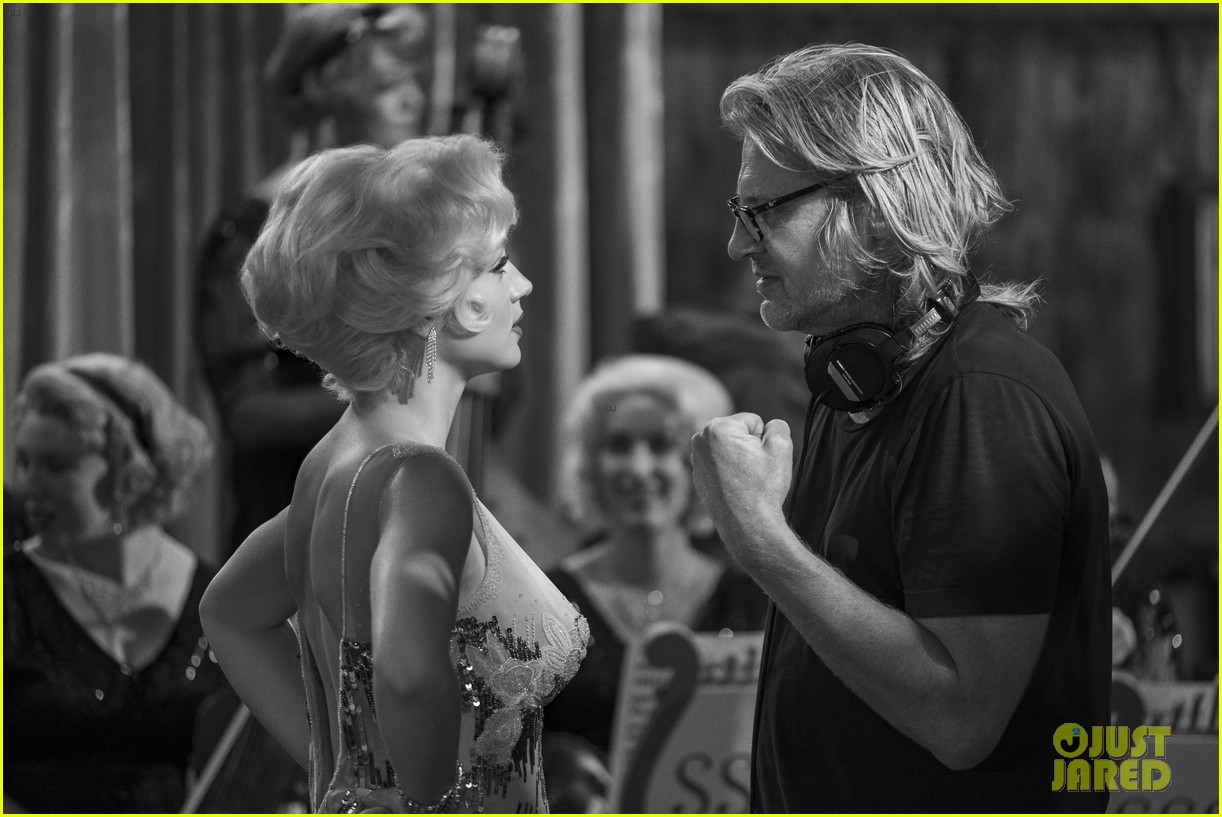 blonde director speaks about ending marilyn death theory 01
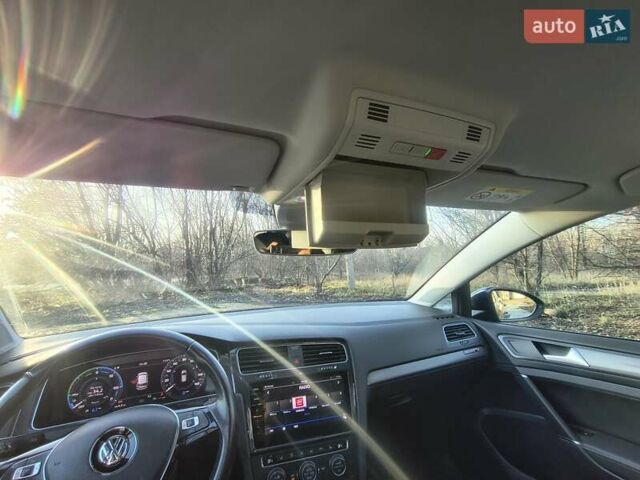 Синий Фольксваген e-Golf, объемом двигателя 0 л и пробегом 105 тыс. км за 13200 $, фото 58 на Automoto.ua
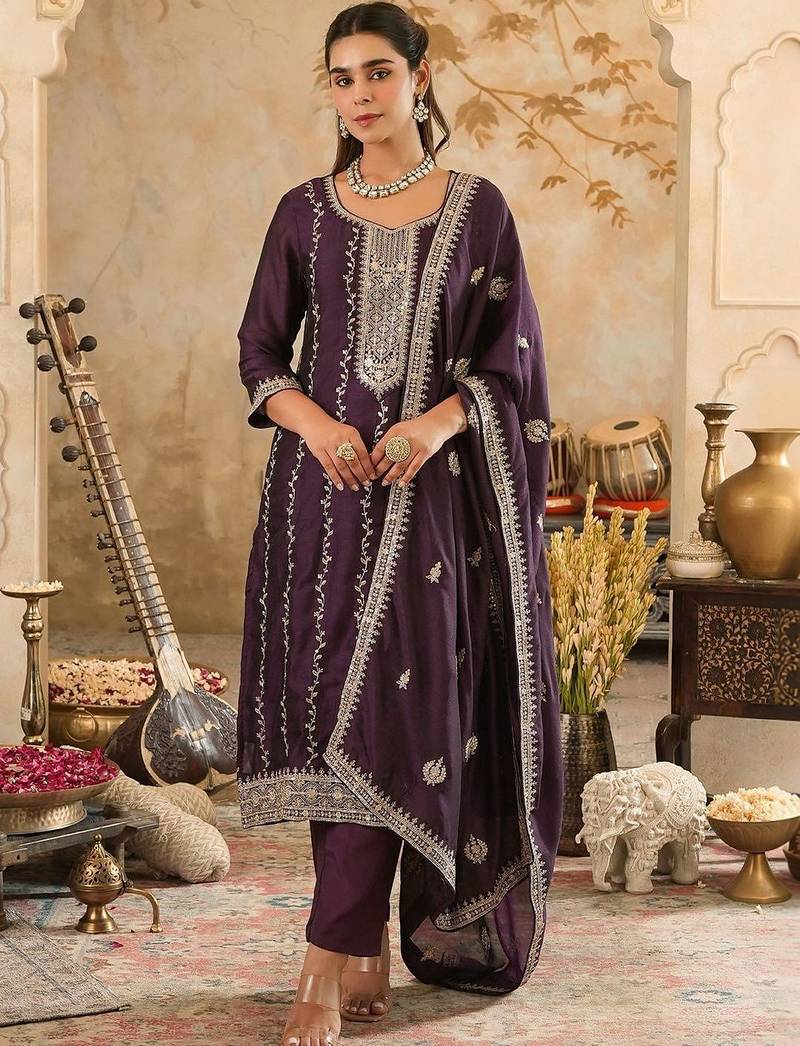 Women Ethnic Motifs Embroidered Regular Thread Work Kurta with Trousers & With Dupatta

• _What you have to do_
Each line above should be written out again exactly, without any image.

• _Solution for this problem_
 blonde director speaks about ending marilyn death theory 01
 Синий Фольксваген e-Golf, объемом двигателя 0 л и пробегом 105 тыс. км за 13200 $, фото 58 на Automoto.ua
 Women Ethnic Motifs Embroidered Regular Thread Work Kurta with Trousers & With Dupatta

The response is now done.